O Santos fez 1 a 0 aos cinco minutos de jogo. Ampliou aos 34. Daí em diante, natural que o Grêmio tenha tido o domínio.
A posse sempre precisa ser analisada em relação ao placar, senão pode distorcer realidades.
Além da versatilidade coletiva da equipe de Sampaoli, ficou de um belo jogo a impressão de que Diego Tardelli terá, em breve, lugar cativo com Renato Gaúcho.
Mais próximo de uma forma física que lhe permita rendimentos de alto nível, ele tem inteligência rara no futebol brasileiro para usar o pivô a seu favor: encontra o passe e o espaço para receber a tabela.
Como Renato não abre mão de um 9 com essas características, logo formará essa parceria.
Se três zagueiros não significam um time defensivo, quatro atacantes não necessariamente configuram uma missão ao gol.
Rogério Ceni não pensou em pressionar o Palmeiras quando optou pela manutenção da base campeã estadual, com Edinho e Osvaldo pelos lados, Júnior Santos e Wellington Paulista centralizados.
Tratou-se da aposta em dedicação sem a bola e velocidade em sua retomada.
Não foram suficientes. O atropelo dos campeões representa a diferença entre os elencos. O Fortaleza não tem jogadores de meio-campo.
No Palmeiras, quando Ricardo Goulart teve de ser substituído por Zé Rafael, imaginou-se um problema. Virou solução.
Não se trata de análise individual, mas o ex-Bahia supre mais as carências de criação de um time que pouco cadencia sua construção de jogadas ofensivas do que o caríssimo meia-atacante bicampeão brasileiro.

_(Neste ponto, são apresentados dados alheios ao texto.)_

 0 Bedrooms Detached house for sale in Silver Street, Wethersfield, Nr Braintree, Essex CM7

Tal qual substituir Ricardo Goulart por Zé Rafael, trocar Alexandre Pato por Toró também pode ser positivo e necessário.
Em sua estreia, o São Paulo precisava de força e velocidade ofensivas que, àquela altura do segundo tempo, o reforço, há meses sem atuar, não poderia mais entregar.

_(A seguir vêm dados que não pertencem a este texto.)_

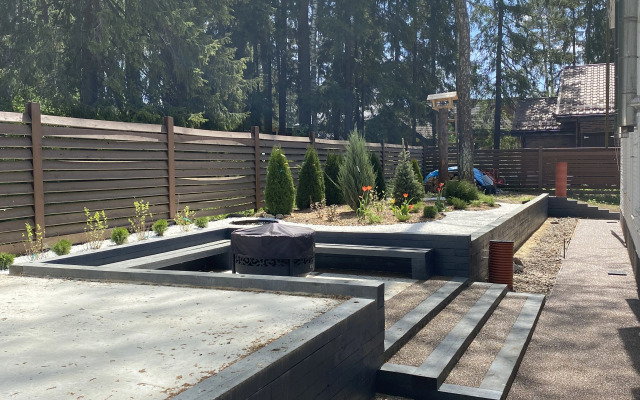 Частный дом Резиденция Мелихово парк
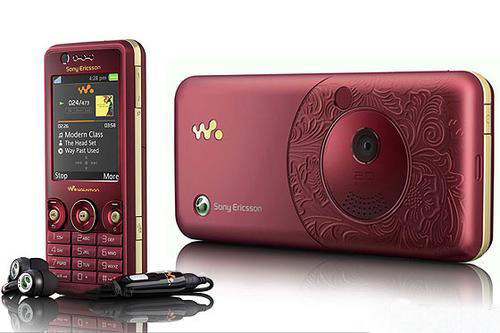 ����W660i�ֻ� ����鿴��һ��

A movimentação do garoto fez o Botafogo retrair sua saída de bola e criou espaços aproveitados pelos homens de meio – o gol da vitória teve participação de Tchê Tchê, Hernanes e Hudson.
Ainda na caça aos rótulos, Mano Menezes começa o Brasileirão com o carimbo dos melhores, senão o melhor, técnicos do país, enquanto Abel Braga é réu pelo fato de o Flamengo não apresentar o futebol que se espera com tantos talentos reunidos.

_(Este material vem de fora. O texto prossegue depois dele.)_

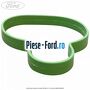 Garnitura galerie admisie Ford Mondeo 1996-2000 2.0 i 131 cai benzina | Foto 3 #1C96317623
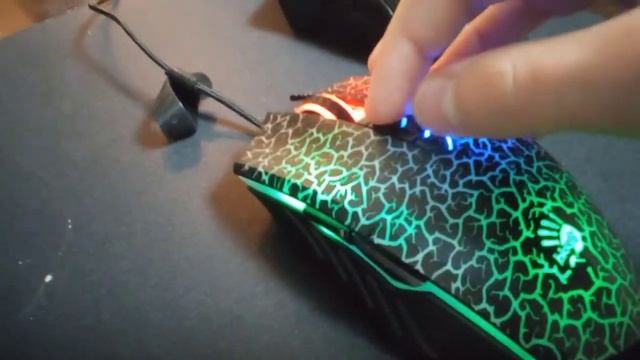 ❗Распаковка и тест мышки Bloody a70!?!Decompression and test of the mouse Bloody a70❗ смотреть онлайн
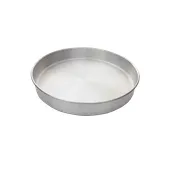 Thunder Group ALCP1402 Layer Cake Pan, 14" Dia. X 2"H, Round, Aluminum 1 image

No primeiro grande jogo, o Cruzeiro não se impôs em momento algum no Maracanã.
É como se Mano construísse ano a ano um andar no edifício de sua carreira, mas insistisse em morar no segundo.
Sua competência e as peças deste Cruzeiro são bons estímulos a pegar o elevador.
Esse time tem ingredientes para tentar controlar qualquer adversário, e conseguir contra a maioria.
A velocidade de circulação de bola do Flamengo no segundo tempo fez diferença.
NA INGLATERRA
Ao mesmo tempo em que Sampaoli vencia no 3-4-1-2 e no 3-5-2, Pep Guardiola trocava dois atacantes por dois zagueiros nos minutos finais para se defender de um time que nem atacava.
O Manchester City se sentiu pressionado, não pelo frágil Burnley, mas pela proximidade do título. Faltam duas rodadas e o Liverpool segue na cola, um ponto atrás.
Desmistificando rótulos: Guardiola nunca foi nem será “retranqueiro”, mas é capaz de agir sobre reações mentais que afetam até mesmo mentes preparadas no mais alto nível de excelência.
Ofereceu aos seus jogadores a segurança de ter dois grandalhões a mais na área diante de uma única possibilidade de perigo do rival de alta estatura, a bola aérea.
Em entrevista à revista digital “The Tactical Room”, em 2017, o técnico colombiano Juan Carlos Osorio, ex-São Paulo, seleção mexicana e Atlético Nacional, disse:
– Desgraçadamente, sabemos muito pouco sobre a mente humana e dedicamos muito pouco tempo a estudá-la. (...) Eu faço um esforço genuíno para entender que a preparação mental é a mais importante para qualquer atleta.